Вот Александр, на что уж был велик,
Звезда ему высокая сияла,
Но принял яд и умер в тот же миг;
Царь Альфазар был свергнут с пьедестала,
С вершины славы, — так я поступала!
Авессалом надеялся спроста,
Что убежит, — да только прыть не та -
Я беглеца за волосы схватила;
И Олоферна я же усыпила,
И был Юдифью обезглавлен он…
Так что же ты клянешь меня, мой милый?
Тебе ли на Судьбу роптать, Вийон!
 
   Таким образом, перечислив знаменитые примеры языческой и библейской истории, снабдив перечень несправедливых кар, низводящих сильных мира сего до уровня несчастного поэта, троекратно повторенным советом, который в равной мере является и уроком стоицизма, и уроком христианского смирения, Судьба внезапно с яростью напоминает, что она всего лишь должница библейского Бога: без него она поступала бы еще более жестоко. То есть автор как бы обращает внимание на причастность Бога к творимому ею злу.
 
Знай, Франсуа, когда б имела силу,
Я б и тебя на части искрошила.
Когда б не Бог и не его закон,
Я б в этом мире только зло творила!
Так не ропщи же на Судьбу, Вийон [18] .
 
   Поэт достаточно хорошо запутал свои следы и мог не опасаться, что какой-нибудь дотошный богослов возьмет и отправит его за ересь на костер. Однако все поняли, что Судьба в данном случае — это Бог Вийона, не решавшегося утратить последнюю надежду.
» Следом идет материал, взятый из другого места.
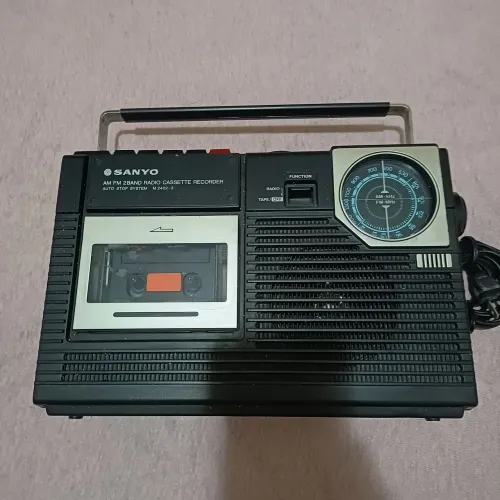 Rádio Sanyo antigo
   Он отнюдь не был убежден в справедливости Всевышнего. И хорошо выразил свои мысли, вспомнив про святую когорту, которая отправилась в ад за Христом: этих князей неба трудно себе представить в адском пламени. Конечно же, им удалось избежать наказания. Привилегии существовали испокон веков. А когда речь заходит о вечности, то тут самая важная привилегия — это чтобы не припекало ягодицы.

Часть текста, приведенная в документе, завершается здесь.